### BRIEF:
Every line of the records must be repeated exactly; pictures stay out.
----- EXERCISE MATERIAL -----
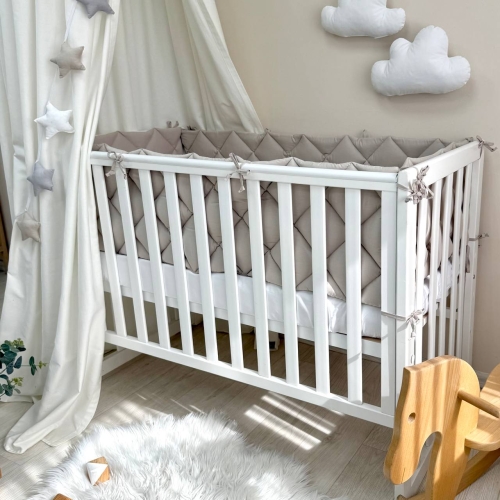 Комплект постельного белья для новорождённого Baby Mix Зайцы на лесенке бежевый - 5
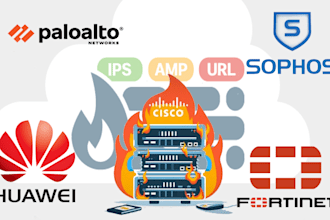 configure cisco ftd, sophos, and huawei firewalls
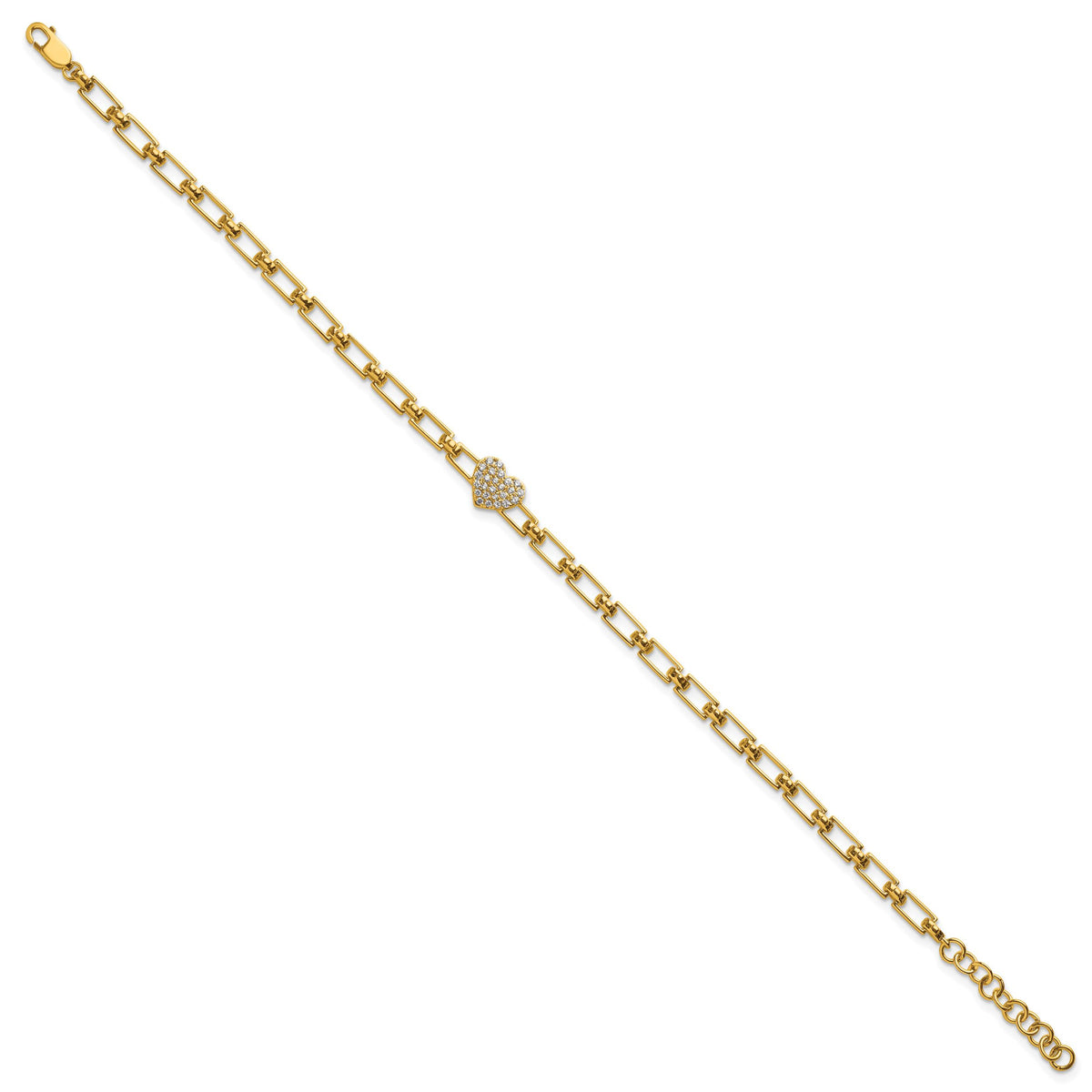 14K Polished Diamond Heart Cluster Fancy Link with 1in ext. Bracelet-BM10278-016-YAA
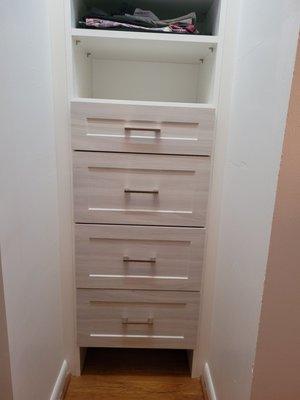 After photo closet install - inset section of walk in with more drawer space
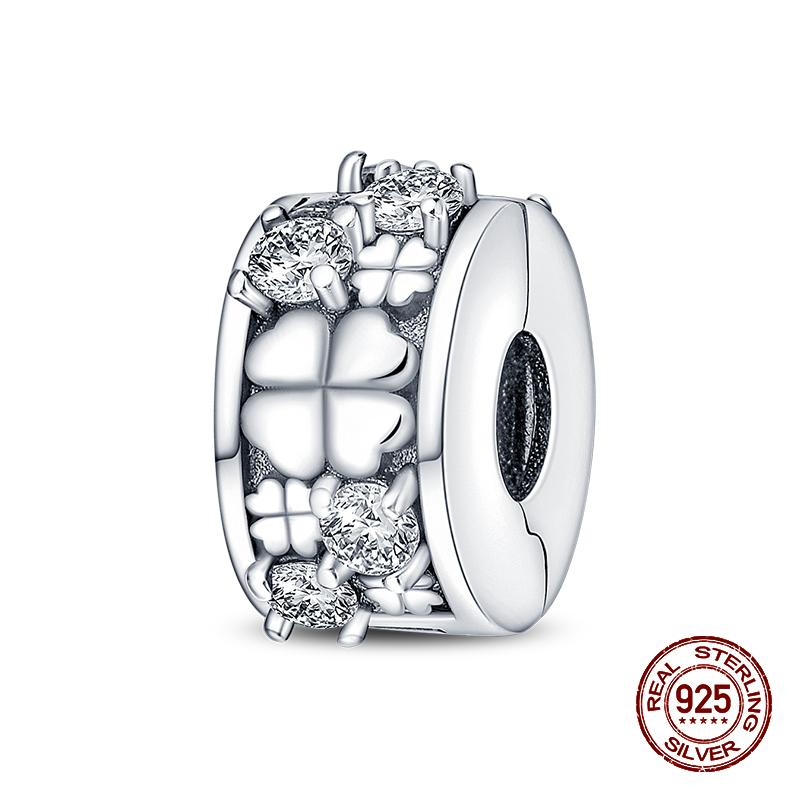 Fashion 100% 925 Sterling Silver Colorful Zircon Stars Moon Separator Charms Bead Fit Original Bracelet Fine DIY Jewelry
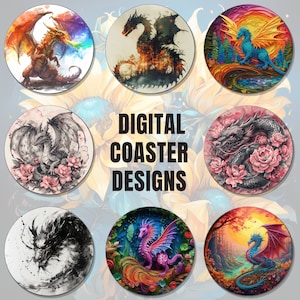 Dragon Car Coaster Sublimation Design PNG, Round Sublimation Design, Download istantaneo, Commercial Use Png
-----
### TASK RESULT:
 Комплект постельного белья для новорождённого Baby Mix Зайцы на лесенке бежевый - 5
 configure cisco ftd, sophos, and huawei firewalls
 14K Polished Diamond Heart Cluster Fancy Link with 1in ext. Bracelet-BM10278-016-YAA
 After photo closet install - inset section of walk in with more drawer space
 Fashion 100% 925 Sterling Silver Colorful Zircon Stars Moon Separator Charms Bead Fit Original Bracelet Fine DIY Jewelry
 Dragon Car Coaster Sublimation Design PNG, Round Sublimation Design, Download istantaneo, Commercial Use Png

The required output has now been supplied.